Pour Olivier Magnin, Responsable Debt & Capital Advisory chez Deloitte, un "placement privé" se définit comme "…la levée d'une dette auprès d'un nombre très restreint d'investisseurs, soit sous forme d'obligations, soit sous forme de prêt."  Les souscripteurs ont une optique de conservation du prêt jusqu'à son échéance ("Buy and hold"), n'exigent pas de notation de l'emprunteur. Les montants levés s'échelonnent entre 10 et 150 millions d'euros par opération. Une tendance à la diminution des tailles se manifeste au vu des dernières opérations : alors qu'il y a un an les montants tournaient autour de 130 millions d'euros par opération, les plus récentes se situent autour de 60 millions d'euros.  Cabinet Deloitte a procédé pour son propre compte à un placement privé en euros ("Euro-PP") : avec un chiffre d'affaires de 900 millions d'euros, il se présente comme une ETI disposant de revenus récurrents et d'une bonne visibilité de ses cashflows, et qui s'est développé par acquisitions successives. Jusqu'alors, ...

le Cabinet s'était financé sous forme de crédits bilatéraux obtenus de différentes banques à des conditions variables, et d'une durée moyenne de deux ans et demi. Au regard du projet, le Cabinet se trouvait confronté à une contrainte particulière : n'être commissaire aux comptes d'aucun des prêteurs, ni au moment du lancement, ni pendant la durée de l'emprunt. Après examen des avantages respectifs des deux structures possibles (émission obligataire ou crédit), c'est en définitive la forme d'un prêt désintermédié qui a été retenue. Les prêteurs ont regroupé, d'une part la banque arrangeuse, qui a conservé une fraction significative de l'opération pour son compte propre, et d'autre part des assureurs. Le montant levé a été de 40 millions d'euros à sept ans in fine, avec des "covenants" aux effets les plus souples possibles : pas d'exigibilité automatique, mais un rehaussement ("step-up") de taux ; pas de clause de défaut croisé ("cross default"), mais une clause de "cross acceleration". Le processus s'est déroulé sur moins de huit semaines. Le point de vue des assureurs prêteurs a ensuite été exposé par Nicolas Denojean, responsable des investissements chez Natixis Assurance, compagnie de taille moyenne (douzième acteur français), gérant environ 35 milliards d'euros d'actifs.

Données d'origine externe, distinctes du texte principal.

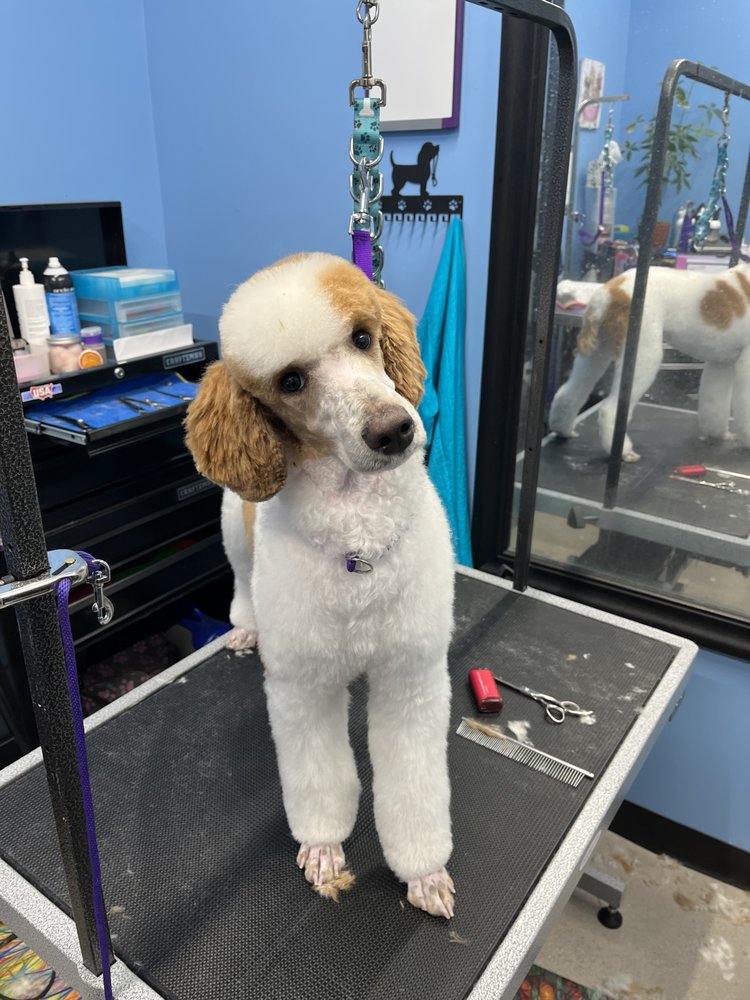 POOCH PARLOR Updated September 2024 Request an Appointment 34
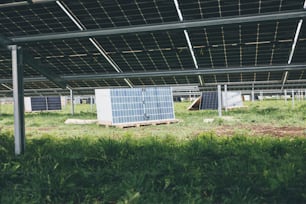 Eine Reihe von Sonnenkollektoren, die auf einer üppig grünen Wiese sitzen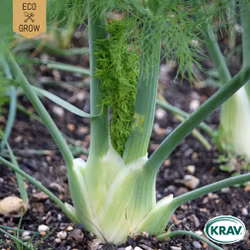 Knölfänkål - de Florence, EKO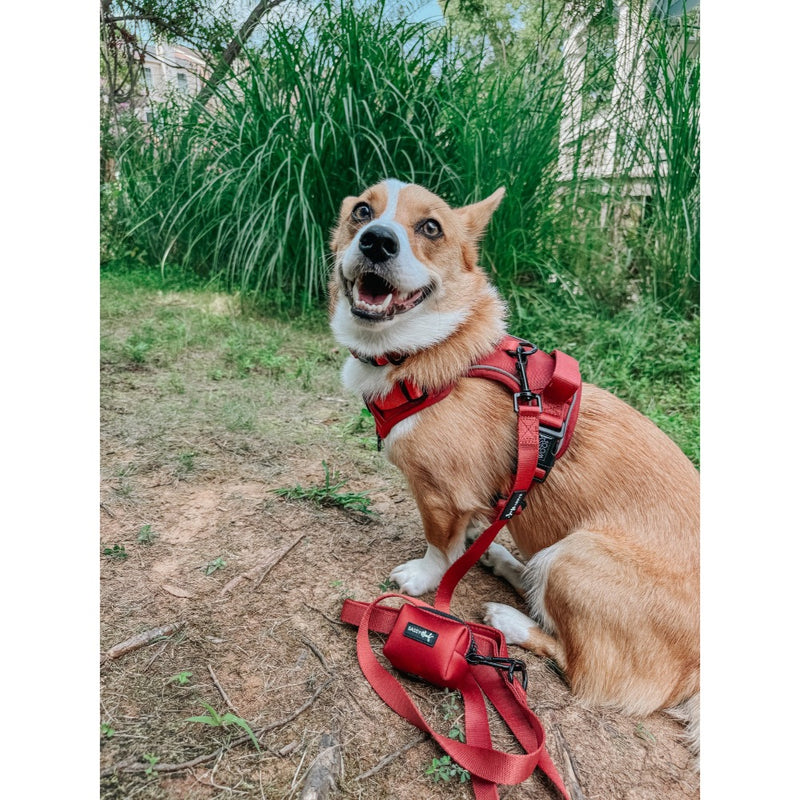 Sassy Woof Dog Leash- Burgundy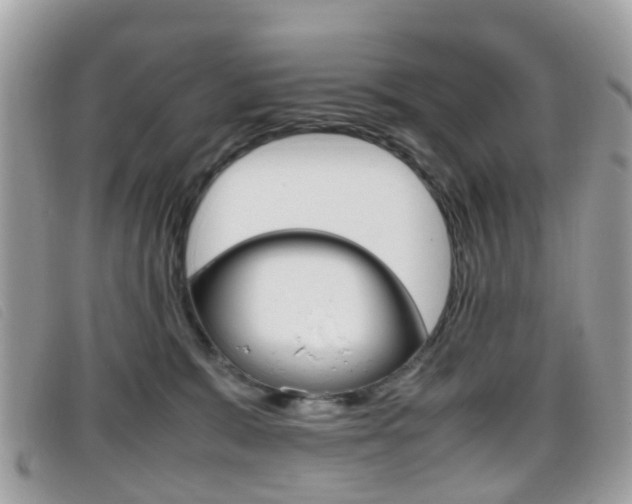 X0000095950327200801110921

Lorsqu'en 2012 les premiers projets d'Euro PP ont été présentés, les assureurs ont été confrontés à une double difficulté :
d'une part, en terme d'organisation interne : les équipes avaient l'habitude d'analyser les propositions d'émissions obligataires classiques cotées ; mais elles n'étaient pas nécessairement outillées pour apprécier les opérations d'emprunteurs de taille plus petite et beaucoup moins connus du marché ;
d'autre part, et surtout, vis-à-vis de la réglementation de la profession, qui, par exemple, limitait à 1% des actifs les investissements en prêts non cotés.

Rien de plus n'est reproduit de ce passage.